EXERCISE DIRECTIONS:
Your answer must be the full listing below, restated word for word, with no pictures in it.

COLLECTED DATA:
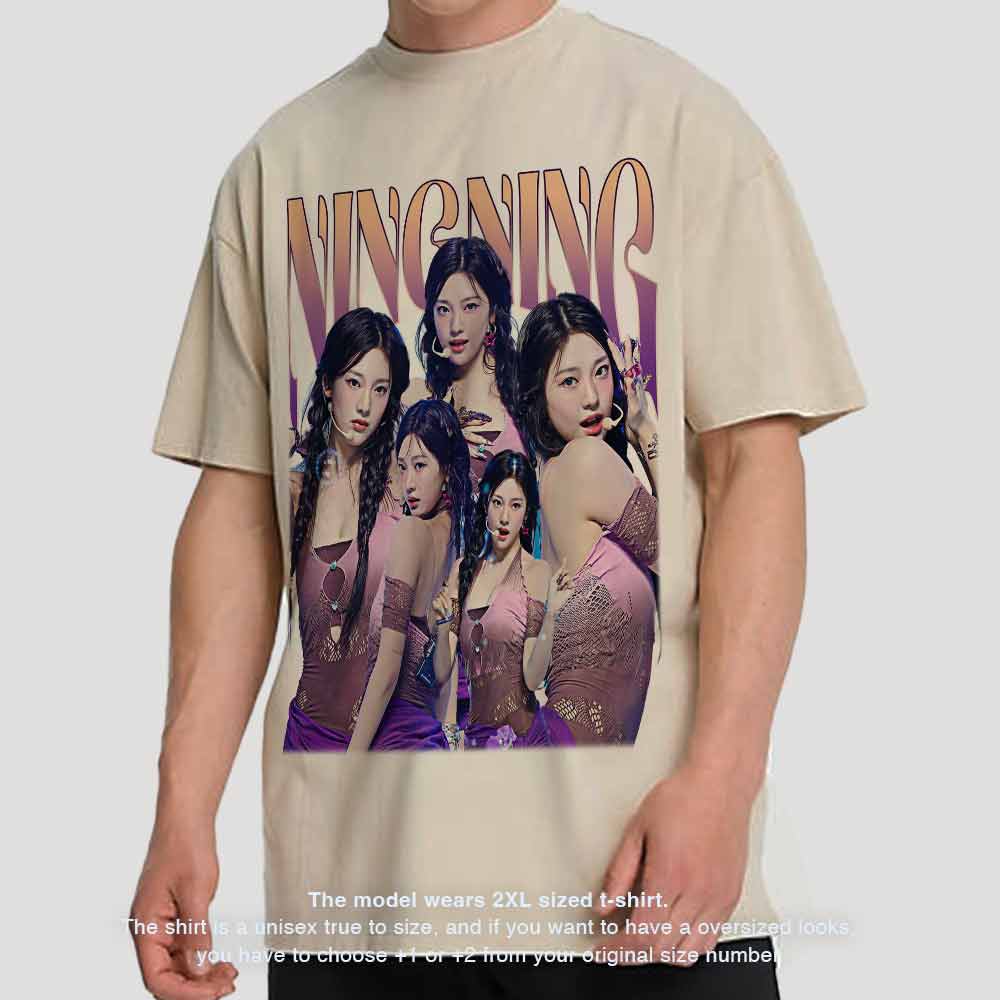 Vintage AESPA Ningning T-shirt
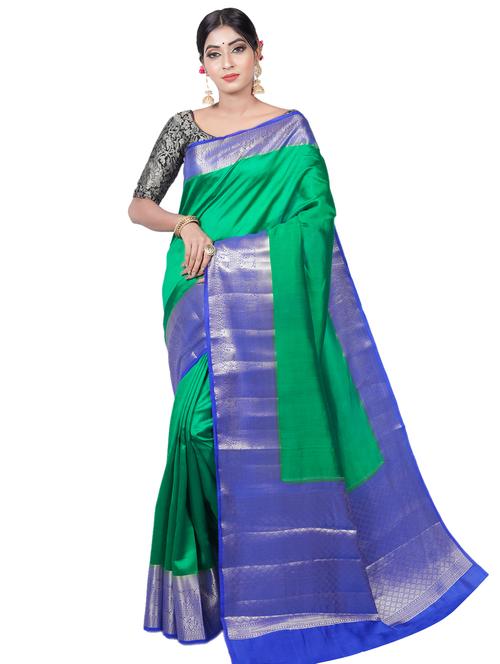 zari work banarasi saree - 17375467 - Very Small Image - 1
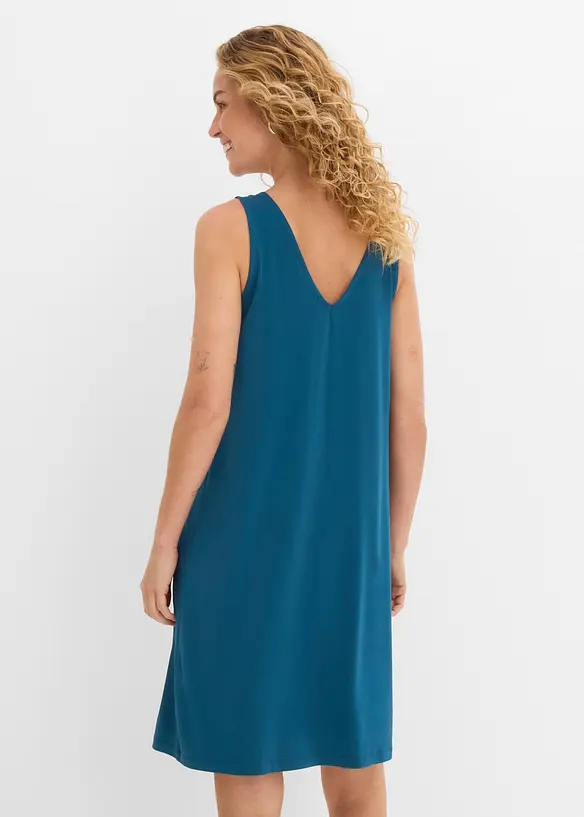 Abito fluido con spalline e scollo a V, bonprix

REPLY TO THE TASK:
 Vintage AESPA Ningning T-shirt
 zari work banarasi saree - 17375467 - Very Small Image - 1
 Abito fluido con spalline e scollo a V, bonprix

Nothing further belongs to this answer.